A condenação da comunidade internacional ao governo de Vladimir Putin pode levar ao estreitamento dos laços entre os componentes do grupo ou levar a aliança, que não esteve muito ativa recentemente, ao esfacelamento?
Ricardo Bruno Boff, professor do curso de Relações Internacionais da Universidade do Vale do Itajaí (Univali), citou que antes da invasão da Rússia à Ucrânia, os Brics, criados com o objetivo de construir alternativas de cooperação ao sistema ocidental de regras e instituições estabelecido depois da Segunda Guerra Mundial, já vinham perdendo fôlego, devido ao alinhamento do Brasil ao governo Trump nos dois primeiros anos da gestão de Jair Bolsonaro e a problemas econômicos da África do Sul.

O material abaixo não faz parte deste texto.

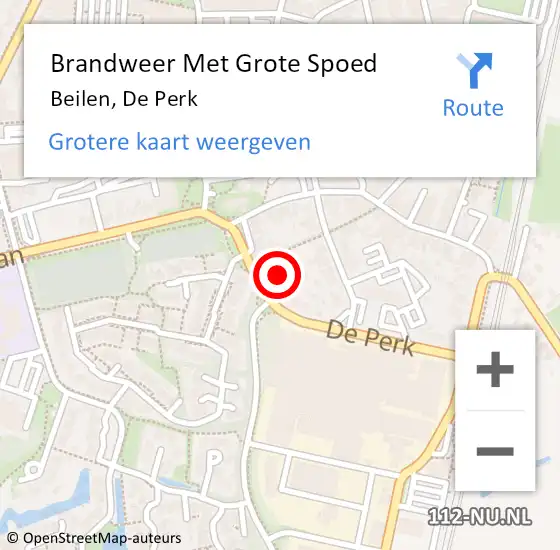 Locatie op kaart van de 112 melding: Brandweer Met Grote Spoed Naar Beilen, De Perk op 23 juni 2021 01:05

“Agora, nesse momento, do jeito que as coisas estão, é claro que os Brics deixam de ser prioridade, inclusive para a Rússia. A instituição em si fica adiada, até mesmo encontros, certamente o Putin tem outras coisas na cabeça no momento”, explicou Boff, em entrevista à Gazeta do Povo.
Os companheiros da Rússia nos Brics têm evitado uma condenação enfática da invasão da Ucrânia. No dia seguinte ao início da guerra, Índia e China se abstiveram numa votação no Conselho de Segurança das Nações Unidas que condenou a operação (a resolução foi derrubada com o veto russo) – a África do Sul não faz parte do conselho, e o Brasil votou contra os russos.

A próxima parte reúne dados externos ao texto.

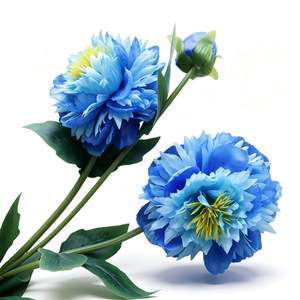 Flores de peonía artificiales de doble cabezal, de poliéster en capas, de una sola rama, para decoración de bodas, hoteles y restaurantes. - Product Image 1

Posição que manteve dias depois numa votação na Assembleia-Geral da ONU, quando sul-africanos, indianos e chineses se abstiveram.

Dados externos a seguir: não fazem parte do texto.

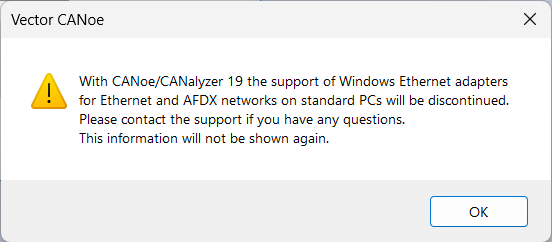 CANoe/CANalyzerが警告を表示：Windowsイーサネット・アダプター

Entretanto, apesar dessas condenações, Bolsonaro não impôs sanções à Rússia e tem defendido uma posição pragmática, devido aos interesses do Brasil no comércio exterior com Moscou, como a importação de fertilizantes.
A China, considerada a grande parceira geopolítica de Putin, criticou as sanções impostas pelo Ocidente e tem se oferecido para mediar uma solução para o conflito, mas nesta semana a imprensa americana noticiou que o país planeja ajudar financeiramente e com armas a ação russa na Ucrânia – o que o Kremlin e Pequim negaram.
Relações desde a União Soviética
O presidente da África do Sul, Cyril Ramaphosa, disse que foi convidado a intermediar negociações. Seu partido, o Congresso Nacional Africano, é simpático a Moscou, pelo apoio da União Soviética à legenda durante o apartheid.
“A Rússia é nossa amiga por completo”, declarou recentemente Lindiwe Zulu, ministra do Desenvolvimento Social da África do Sul, que, segundo o New York Times, estudou em Moscou na época do apartheid. “Não vamos criticar essa relação que sempre tivemos.”
Sem dar maiores detalhes, a Embaixada da Rússia na África do Sul agradeceu recentemente no Twitter pela solidariedade da população do país africano.
“Caros seguidores, recebemos um grande número de cartas de solidariedade de sul-africanos, tanto de indivíduos quanto de organizações. Agradecemos seu apoio e estamos felizes por vocês terem decidido ficar conosco neste momento, quando a Rússia, como há 80 anos, está lutando contra o nazismo na Ucrânia!”, publicou.
No caso da Índia, o histórico de relações com a União Soviética também pesa, segundo Somdeep Sem, professor associado de estudos de desenvolvimento internacional na Universidade de Roskilde (Dinamarca).
Os comunistas assinaram um acordo de cooperação com os indianos em 1971 e ficaram ao seu lado nas disputas com o Paquistão sobre a Caxemira, posição que foi mantida pela Rússia.
“Em 1955, declarando apoio à soberania indiana sobre a Caxemira, o líder soviético Nikita Khrushchov disse: ‘Estamos tão perto que, se vocês nos chamarem do topo das montanhas, apareceremos ao seu lado’”, lembrou Sem, em artigo publicado no site da Al Jazeera.
Questões militares e comerciais também contribuem para essa parceria: de acordo com Sem, armas russas corresponderiam a de 60 a 85% do armamento das forças indianas hoje, e a Índia informou nesta semana que está conversando com Moscou para importar mais petróleo da Rússia – num momento em que Estados Unidos, Reino Unido e União Europeia anunciam que vão deixar de comprar o produto russo.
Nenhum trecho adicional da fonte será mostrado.